Austrian poet and playwright

Anton Wildgans (17 April 1881 – 3 May 1932) was an Austrian poet and playwright.
He was nominated for the Nobel Prize in Literature four times.

==Life==
Born in Vienna, Wildgans studied law at the University of Vienna, from 1900 to 1909, and then practiced as an examining magistrate (Untersuchungsrichter) from 1909 to 1911, before devoting himself to writing full-time.

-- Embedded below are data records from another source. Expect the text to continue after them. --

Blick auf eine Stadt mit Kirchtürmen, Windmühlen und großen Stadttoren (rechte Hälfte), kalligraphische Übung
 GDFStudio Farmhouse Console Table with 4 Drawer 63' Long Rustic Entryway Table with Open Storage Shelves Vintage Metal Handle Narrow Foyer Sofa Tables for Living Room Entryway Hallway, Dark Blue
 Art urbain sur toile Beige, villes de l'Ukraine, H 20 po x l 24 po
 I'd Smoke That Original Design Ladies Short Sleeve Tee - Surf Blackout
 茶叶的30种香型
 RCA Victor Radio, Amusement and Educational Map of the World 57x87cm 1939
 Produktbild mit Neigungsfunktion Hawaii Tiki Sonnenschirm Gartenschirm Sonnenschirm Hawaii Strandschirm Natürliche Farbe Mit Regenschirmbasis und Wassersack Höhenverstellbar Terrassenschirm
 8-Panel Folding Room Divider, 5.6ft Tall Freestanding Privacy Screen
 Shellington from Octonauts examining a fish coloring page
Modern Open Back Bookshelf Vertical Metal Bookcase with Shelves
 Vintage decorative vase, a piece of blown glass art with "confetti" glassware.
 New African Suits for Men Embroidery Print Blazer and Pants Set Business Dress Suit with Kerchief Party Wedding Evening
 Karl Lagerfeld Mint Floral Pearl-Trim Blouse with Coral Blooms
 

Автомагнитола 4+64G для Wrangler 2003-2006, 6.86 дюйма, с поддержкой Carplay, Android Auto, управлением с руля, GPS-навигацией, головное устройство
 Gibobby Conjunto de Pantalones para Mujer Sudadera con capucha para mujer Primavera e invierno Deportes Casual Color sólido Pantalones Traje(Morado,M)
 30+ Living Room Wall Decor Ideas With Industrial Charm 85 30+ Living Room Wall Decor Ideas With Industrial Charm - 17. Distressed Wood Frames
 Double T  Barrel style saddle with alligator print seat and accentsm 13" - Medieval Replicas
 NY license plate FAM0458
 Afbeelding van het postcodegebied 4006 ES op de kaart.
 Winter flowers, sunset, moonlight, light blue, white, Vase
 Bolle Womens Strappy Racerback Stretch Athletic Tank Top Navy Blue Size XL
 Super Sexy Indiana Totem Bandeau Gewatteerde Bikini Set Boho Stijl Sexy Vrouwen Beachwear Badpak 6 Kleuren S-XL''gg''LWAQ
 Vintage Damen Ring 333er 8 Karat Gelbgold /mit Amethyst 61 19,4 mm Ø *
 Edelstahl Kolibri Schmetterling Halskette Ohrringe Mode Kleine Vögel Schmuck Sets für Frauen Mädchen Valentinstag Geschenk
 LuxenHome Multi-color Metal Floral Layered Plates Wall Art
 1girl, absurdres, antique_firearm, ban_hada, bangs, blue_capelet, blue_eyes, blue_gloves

His works, in which realism, neo-romanticism and expressionism mingle, focus on the drama of daily life.

He twice served as director of Vienna's Burgtheater, in 1921–1922 and 1930–1931.

One of his teachers was the Austrian Jewish philosopher Wilhelm Jerusalem. Wildgans was the mentor of writer Albert Drach.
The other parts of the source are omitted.